TASK PROMPT ::
Write out again only the lines running from the one that contains "05 13x6 HD Lace" to the end of the records below, including both the first and the last.

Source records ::
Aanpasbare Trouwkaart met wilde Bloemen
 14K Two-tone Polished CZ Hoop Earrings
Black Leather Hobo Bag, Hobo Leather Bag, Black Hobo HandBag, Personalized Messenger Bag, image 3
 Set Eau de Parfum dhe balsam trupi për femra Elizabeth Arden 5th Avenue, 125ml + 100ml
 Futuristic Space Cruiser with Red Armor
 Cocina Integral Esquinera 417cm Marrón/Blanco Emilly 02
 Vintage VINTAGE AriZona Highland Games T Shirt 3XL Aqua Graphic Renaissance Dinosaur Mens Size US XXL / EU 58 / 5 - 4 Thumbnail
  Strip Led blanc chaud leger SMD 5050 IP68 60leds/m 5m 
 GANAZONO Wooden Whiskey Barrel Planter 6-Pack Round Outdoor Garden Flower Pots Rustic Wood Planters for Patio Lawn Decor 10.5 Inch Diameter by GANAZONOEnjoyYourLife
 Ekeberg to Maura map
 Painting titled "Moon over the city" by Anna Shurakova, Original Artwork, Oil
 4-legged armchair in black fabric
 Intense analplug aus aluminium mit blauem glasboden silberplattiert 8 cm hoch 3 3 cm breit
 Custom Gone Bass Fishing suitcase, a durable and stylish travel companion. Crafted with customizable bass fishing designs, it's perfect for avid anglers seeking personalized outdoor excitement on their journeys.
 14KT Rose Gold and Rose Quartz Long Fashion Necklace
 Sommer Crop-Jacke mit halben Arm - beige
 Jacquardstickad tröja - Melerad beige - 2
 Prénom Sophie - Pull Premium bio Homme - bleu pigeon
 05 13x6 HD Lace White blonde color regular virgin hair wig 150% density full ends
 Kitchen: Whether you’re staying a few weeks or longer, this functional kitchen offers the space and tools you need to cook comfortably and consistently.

YOUR SOLUTION ::
 05 13x6 HD Lace White blonde color regular virgin hair wig 150% density full ends
 Kitchen: Whether you’re staying a few weeks or longer, this functional kitchen offers the space and tools you need to cook comfortably and consistently.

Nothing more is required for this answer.